## DIRECTIONS
Give the data again exactly as written, without any of its pictures.

## DATA EXTRACT
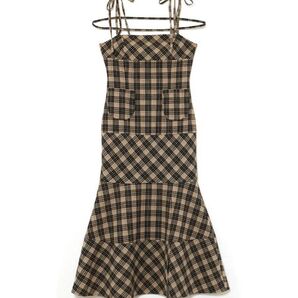 最終下げ!ラスト1点!ANDMARY Cecily check long dress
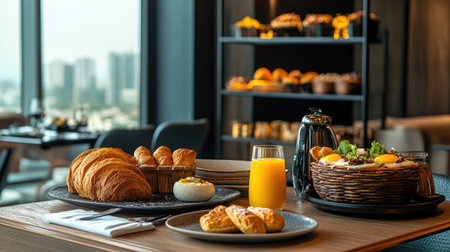 Modern city resort breakfast: luxurious spread with fresh bakery items, orange juice, eggs, and a selection of gourmet foods.の素材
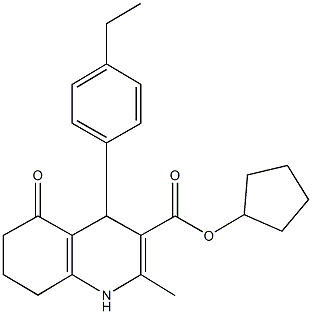 cyclopentyl 4-(4-ethylphenyl)-2-methyl-5-oxo-1,4,5,6,7,8-hexahydro-3-quinolinecarboxylate Struktur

## WRITTEN ANSWER
 最終下げ!ラスト1点!ANDMARY Cecily check long dress
 Modern city resort breakfast: luxurious spread with fresh bakery items, orange juice, eggs, and a selection of gourmet foods.の素材
 cyclopentyl 4-(4-ethylphenyl)-2-methyl-5-oxo-1,4,5,6,7,8-hexahydro-3-quinolinecarboxylate Struktur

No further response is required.